5月20日のエヌビディア決算発表はAI強気相場の重要な試金石となる。フィラデルフィア半導体株指数は2000年のテックバブル以来、最も買われすぎの水準で推移している。
5月20日のエヌビディア決算発表はAI強気相場の重要な試金石となる。フィラデルフィア半導体株指数は2000年のテックバブル以来、最も買われすぎの水準で推移している。

エヌビディア(Nvidia Corp.)の次回の決算発表は、半導体セクターのテクニカル指標がドットコム・バブル以来最も極端な警告を発する中で、人工知能(AI)主導の強気相場にとって重要なストレステストになろうとしている。5月20日の報告に対する市場の反応は、少数の超大型テクノロジー株にますます集中している今回のラリーの持続性を試すことになる。
主な懸念は、3月下旬の安値から約70%急騰したフィラデルフィア半導体株指数(SOX)に起因する。ゴールドマン・サックスのTMTスペシャリスト、ピーター・キャラハン氏のレポートによると、同指数は現在、200日移動平均線を約60%上回って取引されている。これほどの乖離は1999年から2000年にかけてのインターネット・バブルのピーク時以来のことであり、強固なファンダメンタルズにもかかわらず、キャラハン氏はセクターのテクニカル的な圧力に対して「黄色信号」の警告を発している。
ウォール街のコンセンサスでは、エヌビディアの第1四半期の売上高は788億ドル、1株当たり利益(EPS)は1.77ドルと予想されている。しかし、投資家は第2四半期のガイダンスをより重視しており、アナリストは約866億ドルの売上を予測している。ファンダメンタルズの強気ケースを後押ししているのは、エヌビディアの最大顧客であるアルファベット、アマゾン、メタ・プラットフォームズ、マイクロソフトであり、彼らはAIインフラ構築のために2026年に合計7000億ドル以上の資本支出を予測している。

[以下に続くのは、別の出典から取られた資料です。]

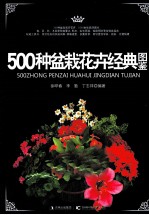 500种盆栽花卉经典图鉴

焦点は、エヌビディアからの好決算であっても、疲弊の兆しを見せている市場の勢いを維持できるかどうかにある。ラリーの幅の狭さは重大な懸念事項であり、S&P 500指数の構成銘柄のうち年初来でプラスの収益を示しているのは約52%にとどまっている。エヌビディアのガイダンスが期待外れに終われば、同社だけでなく、AIのナラティブに大きく依存してきた市場全体で強気ポジションの急速な解消が引き起こされる可能性がある。
オプション市場はこの緊張を反映しており、エヌビディア株の決算発表後の予想変動幅(インプライド・ムーブ)を6%と織り込んでいる。珍しいシグナルとして、株価とインプライド・ボラティリティが同時に上昇しており、トレーダーが上昇を追い求めると同時に、急激な下落から守るためのプレミアムを支払っていることを示している。
オプション分析会社スポットガンマ(SpotGamma)のデータによると、ポジショニングはコールオプションに大きく偏っているものの、S&P 500や半導体関連ETFの大口プットオプション構造の買いが顕著に増加している。これは、多くの投資家が続伸に賭ける一方で、洗練された投資家がエヌビディアの決算によって引き起こされる可能性のある市場全体の調整に対して積極的にヘッジを行っていることを示唆している。強気なオプション・ポジショニングの規模が非常に大きいため、利益確定売りや方向性の転換は増幅される可能性がある。
本記事は情報提供のみを目的としており、投資勧誘を目的としたものではありません。